Though work was wicked busy and I was unsure as to whether I'd get out on time for this, I went off on-call on schedule and was accordingly deshackled from my laptop. A brisk hike over a couple bridges later, and I was on the doorstep of O'Brien's, shortly after doors and just in time to have to watch where I was standing as Nachzehrer loaded in.
As usual on getting in early, there was a bunch of standing around drinking; I didn't need to get in this early, but the alternative was to maybe get stuck in traffic and end up missing bands or, having arrived in Boston, stand around pointlessly in the cold.
Soon enough, though, the music started.
Nachzehrer [5/7]
The second time I'd seen them, and maybe their second show overall, this presented a different side to the band: darker, heavier, and more first-wave black metal. With a wee bit of stretching, one might get to a heavier Bifrost minus the keys; this band is still, obviously, in the process of finding their feet, but there's not a lot of Low-Countries-derived black metal in this part of the world, and it'll be interesting to see how Nachzehrer's take on the raw and thrashy sound develops going forward.
Darkwor [6/7]
This was a shorter set than they had in Worcester, and one with a few more technical difficulties -- the guitars rather buried at the start -- but a good solid one. Of the three black metal bands here, Darkwor was the most expansive and 'epic', even with their raw bits, and they did a good job bringing that sound forward.

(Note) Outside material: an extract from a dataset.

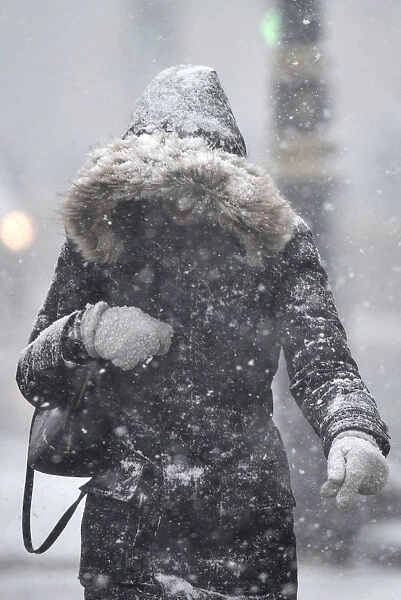 A woman walks through snow in London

Unfortunately, I got mixed up and asked after a CD that the band didn't have -- but it is coming out for real, imminently, and if regular Darkwor shows in Worcester are something else, a Darkwor release show at Ralph's with Woe heading the bill will be something else again, and not to be missed. Mark your calendars for 3/13 -- it's not the Ides, but Metal Thursday is kind of constrained as to what day of the week it can happen on.
Black Pyramid [6/7]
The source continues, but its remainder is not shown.